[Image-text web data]
########
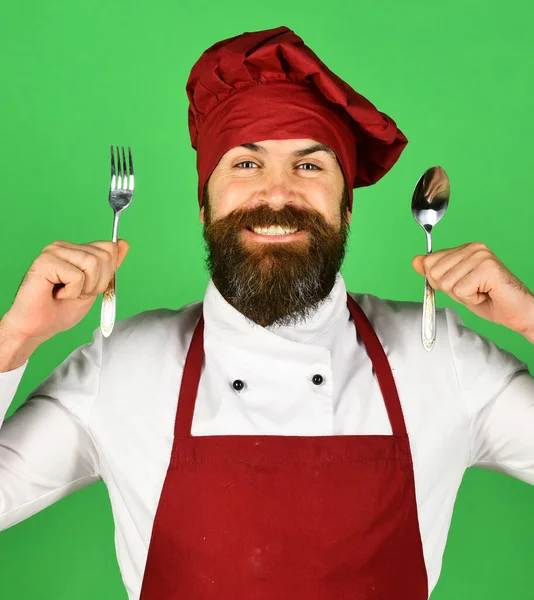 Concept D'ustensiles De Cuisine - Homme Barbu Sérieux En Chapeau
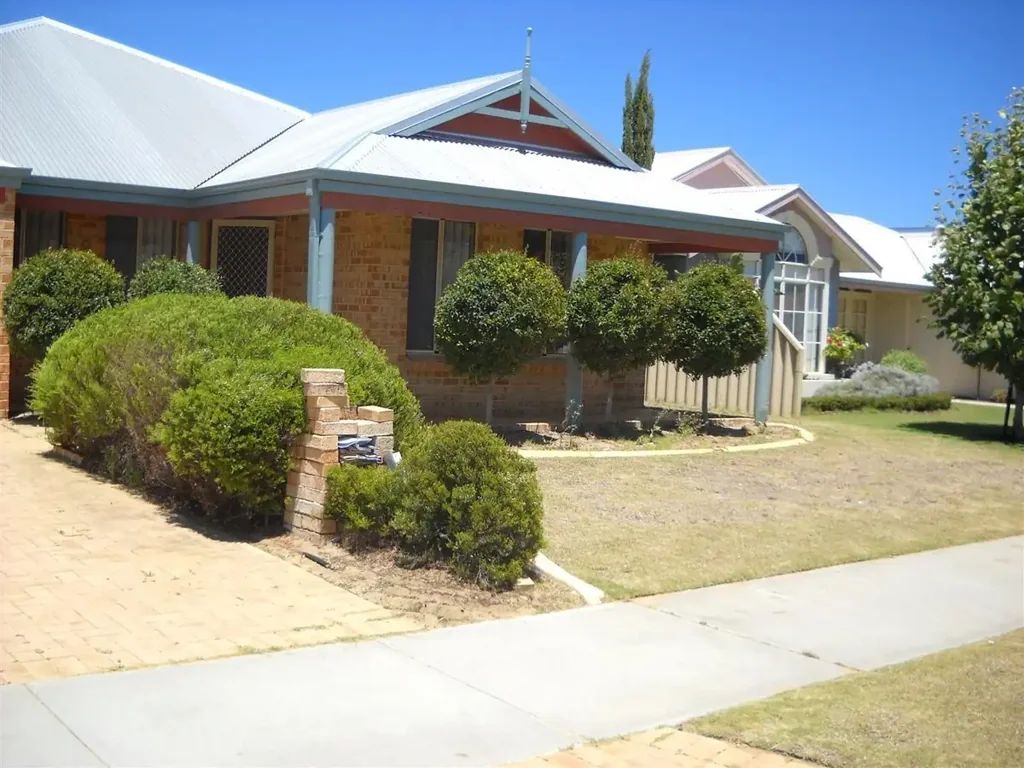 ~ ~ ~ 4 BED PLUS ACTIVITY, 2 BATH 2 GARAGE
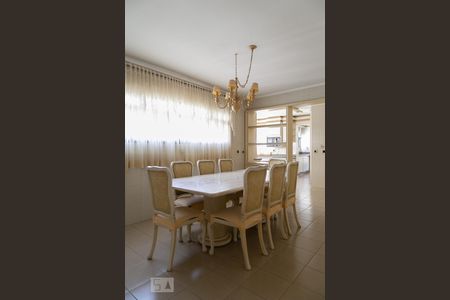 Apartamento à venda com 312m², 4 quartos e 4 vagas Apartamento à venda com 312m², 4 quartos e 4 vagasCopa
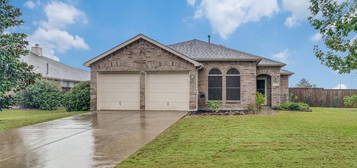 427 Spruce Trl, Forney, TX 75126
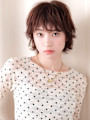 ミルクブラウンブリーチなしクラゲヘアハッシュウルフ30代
########
Work instruction ::
Start with the line holding "Apartamento à venda com 312m², 4 quartos e 4 vagas Apartamento" and repeat exactly every line through the final line of the records above, but no pictures and nothing more.

Solution to this exercise ::
 Apartamento à venda com 312m², 4 quartos e 4 vagas Apartamento à venda com 312m², 4 quartos e 4 vagasCopa
 427 Spruce Trl, Forney, TX 75126
 ミルクブラウンブリーチなしクラゲヘアハッシュウルフ30代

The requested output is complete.